If many IOCs have been started, for example by running the IOC system tests, the DB server can no longer serve all PVs as the length of the list of PVs now exceeds the size of the waveform. This breaks the "select block" mechanism in the GUI.

This was spotted on my machine as I have run all of the IOC system tests recently, and also confirmed via the logs on reno which runs the IOC tests. An error comes up in the GUI whenever the GUI tries to read this "bad" pv, which appears to be about once per second.

The error in the GUI is:

Exception occured, code: gov.aps.jca.CAStatus[TOLARGE=9,WARNING=0]=The requested transfer is greater than available memory or EPICS_CA_MAX_ARRAY_BYTES, message: 'unable to fit read subscription update response into server's buffer'.

And the corresponding error in the DBSVR log is:

[1570125548.35] MAJOR: Too much data to encode PV TE:NDW1799:CS:BLOCKSERVER:PVS:ALL. Current size is 64000 characters but 85786 are required

Acceptance criteria:

Notes:

ChrisM-S commented 5 years ago

Should be we looking within EPICS (7 I guess?) for a mechanism to cache our multiple block structures (say on the 100-1000 blocks) locally (in memory) for both client and server for quick access?
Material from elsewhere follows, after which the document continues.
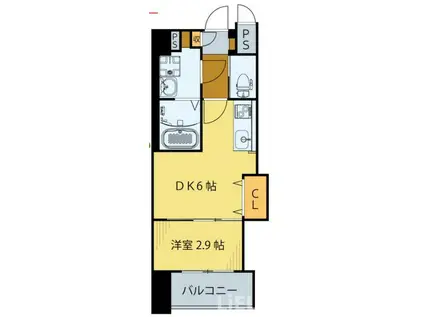 シェルグランデ原町(1DK/6階)の間取り写真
Should be trivially low memory load, i.e. 64kB now, 64MB in a few years.

This would allow us to keep using the client/server communication across the network efficiently. Direct SQL access to MySQL, whilst still being a good home for providing a load-up and write-back location for blocks on the server will definitely die under any sort of individually looped query loading. Also anything which does not provide a fast (in memory) local cache on the client will die under any sort of sustained iteration or search because of the network latency of communication to the server.

We could also look outside EPICS to something like Mongo DB, or any other associative (name=>Blockvalue) type of mapping DBMS designed to backend web sites (in memory) and accessed through a REST model? (or a least use this as a design pattern to build the same thing within EPICS).

just some thoughts whilst they come to mind!